Research on Complex 2D Radiation Field Reconstruction Based on Improved Convolutional Neural Network
摘要
Detailed radiation dose fields are essential for ensuring nuclear energy safety and protecting personnel inside and outside the station. Traditional forward modeling methods depend on accurate descriptions of radiation sources and extensive prior knowledge, which are often unavailable in complex or dynamic radiation scenarios, such as after nuclear accidents. Radiation field re-construction methods use monitoring data to infer source information and reconstruct field distributions, reducing reliance on prior knowledge and better adapting to complex environments. Most current approaches rely on 2D interpolation algorithms, including Kriging and radial basis functions.

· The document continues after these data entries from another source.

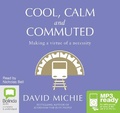Cover: Cool, Calm and Commuted - Bolinda Audio Books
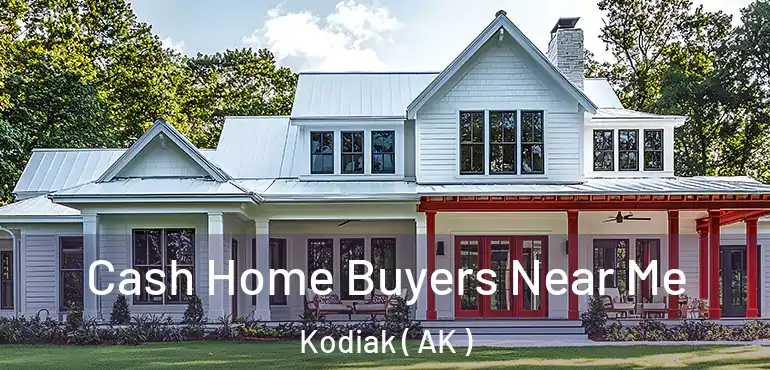  Cash Home Buyers Near Me Kodiak ( AK )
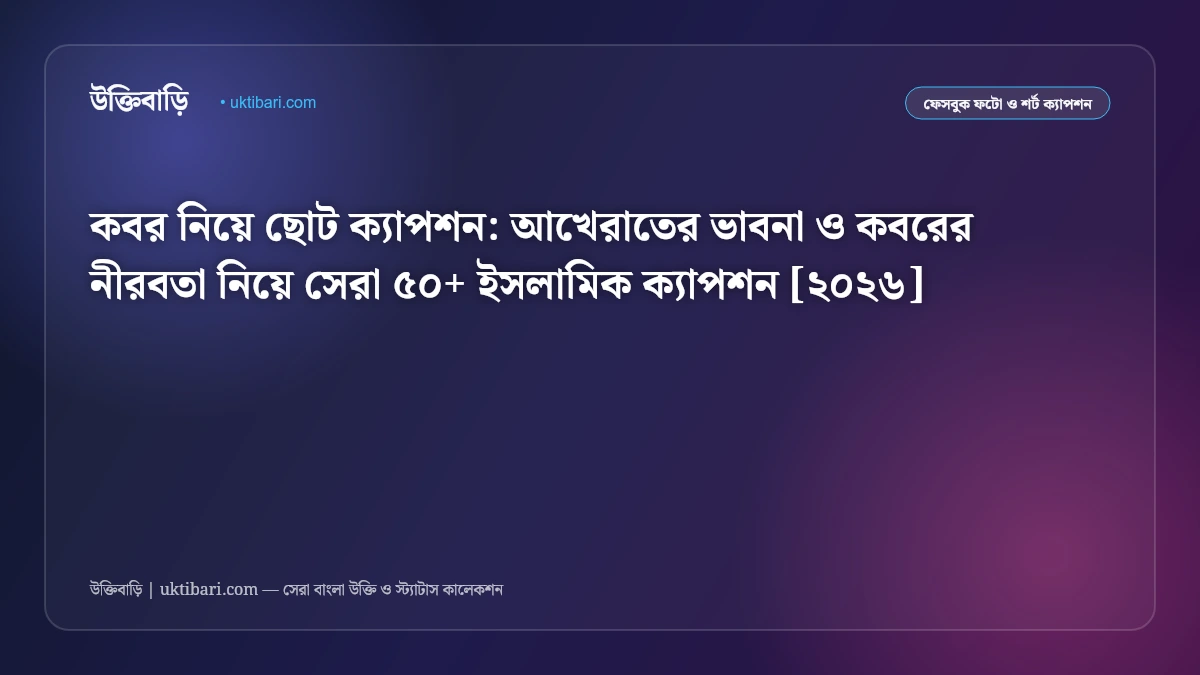 কবর নিয়ে ছোট ক্যাপশন: আখেরাতের ভাবনা ও কবরের নীরবতা নিয়ে সেরা ৫০+ ইসলামিক ক্যাপশন [২০২৬]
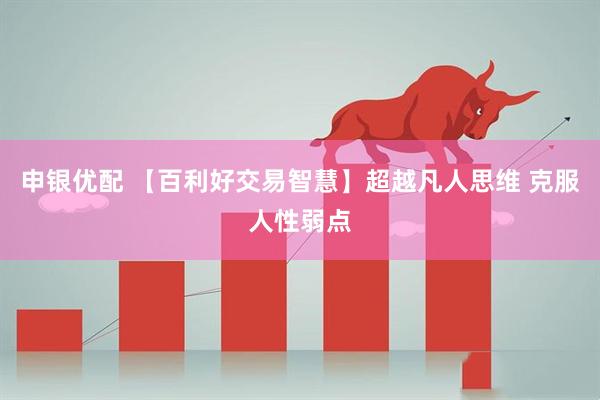 申银优配 【百利好交易智慧】超越凡人思维 克服人性弱点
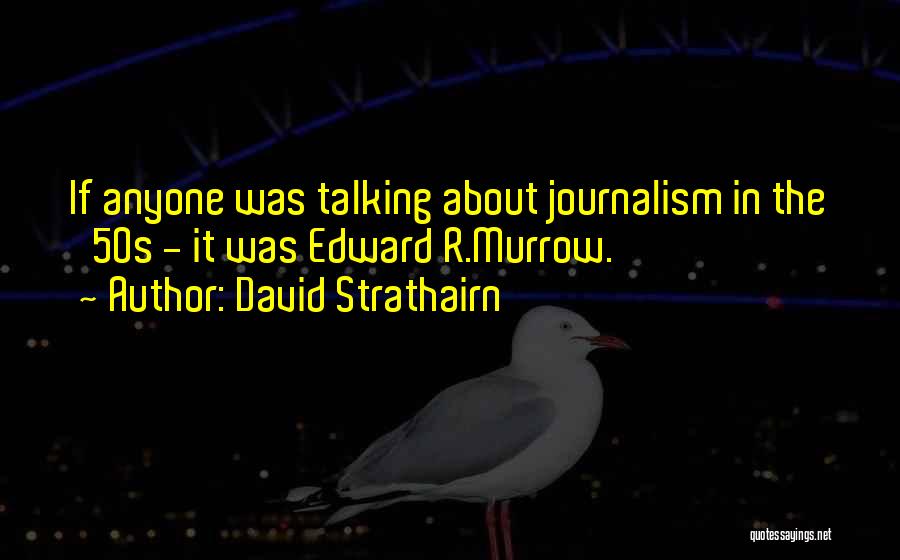 David Strathairn Quotes: If Anyone Was Talking About Journalism In The '50s - It Was Edward R.murrow.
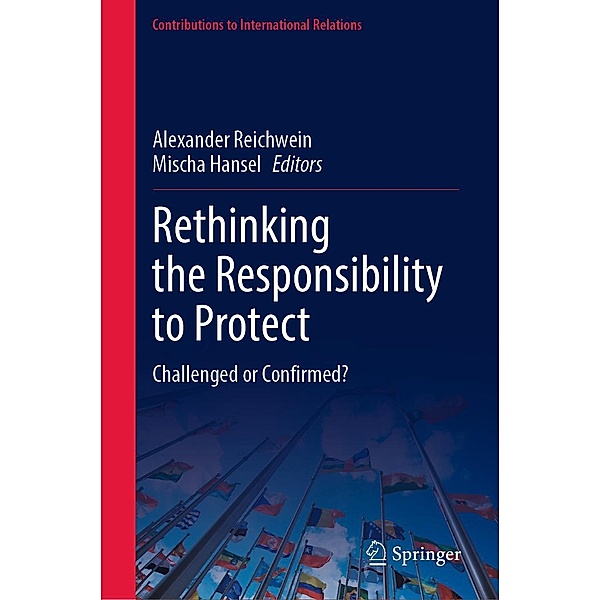 Rethinking the Responsibility to Protect / Contributions to International Relations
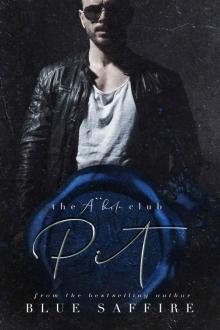 Pit: The A**hole Club Series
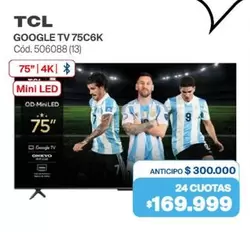 TCL - GOOGLE TV 75C6K Cód. 506088 (13)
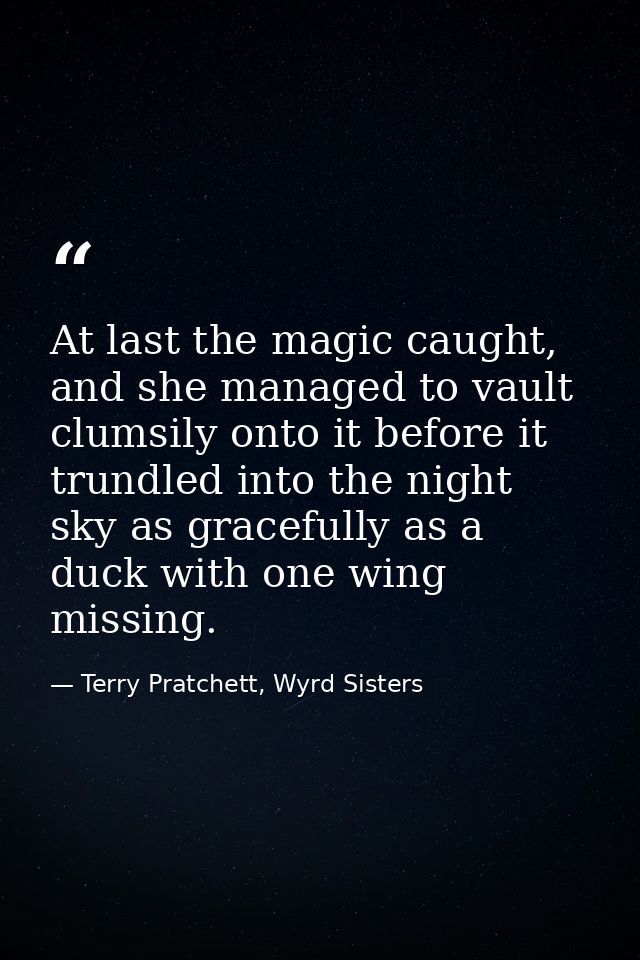 At last the magic caught, and she managed to vault clumsily onto it before it trundled into the night sky as gracefully  — Terry Pratchett, Wyrd Sisters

While these methods are fast and effective, they require high-quality sample data and perform poorly in complex scenarios. Neural network-based methods, particularly convolutional neural networks (CNNs), have gained attention for their superior data fitting and predictive capabilities. However, existing methods often rely on simple network structures, limiting their ability to handle complex radiation fields. To address this, this study proposes an improved CNN framework for reconstructing complex 2D radiation fields. Results demonstrate a 1000-fold interpolation reconstruction with over 90% of test samples achieving an average relative error below 10%, and most regions exhibiting measurement point errors below 5%. This approach provides a robust solution for high-precision reconstruction in challenging scenarios.